*DATA SHOWN*:
········

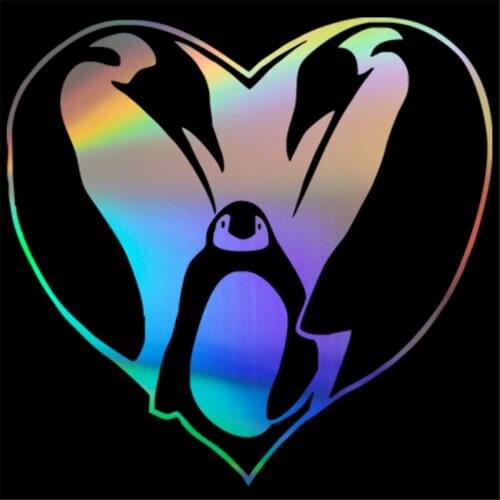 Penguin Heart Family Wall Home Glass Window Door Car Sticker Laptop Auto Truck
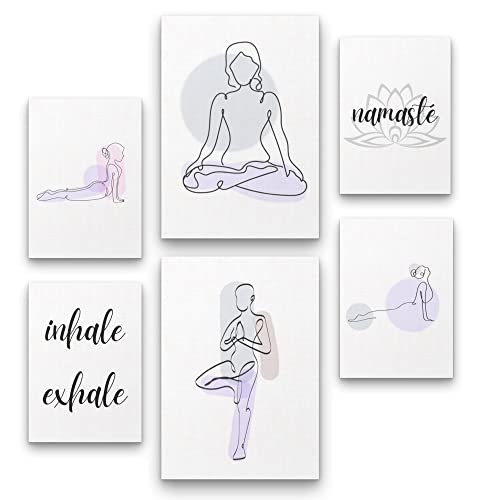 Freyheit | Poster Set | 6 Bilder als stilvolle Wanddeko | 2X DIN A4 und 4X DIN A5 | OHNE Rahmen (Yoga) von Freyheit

········

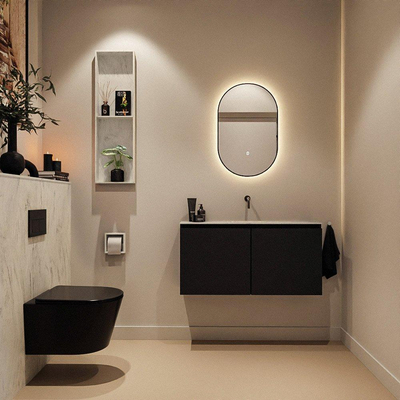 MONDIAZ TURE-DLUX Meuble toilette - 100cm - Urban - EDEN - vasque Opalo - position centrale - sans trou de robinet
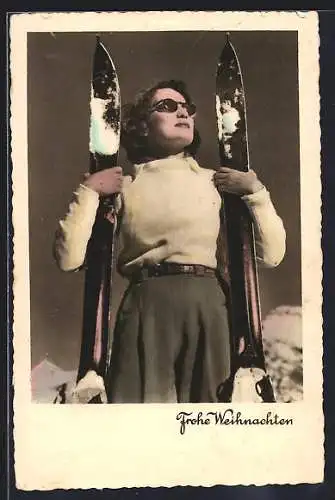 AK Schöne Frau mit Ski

········

*DESCRIPTION OF THE TASK*:
Above are some entries; copy exactly the lines from the line with "Penguin Heart Family" through the line with "Freyheit | Poster", both included, but none of the pictures.

*OUTPUT BELOW*:
 Penguin Heart Family Wall Home Glass Window Door Car Sticker Laptop Auto Truck
 Freyheit | Poster Set | 6 Bilder als stilvolle Wanddeko | 2X DIN A4 und 4X DIN A5 | OHNE Rahmen (Yoga) von Freyheit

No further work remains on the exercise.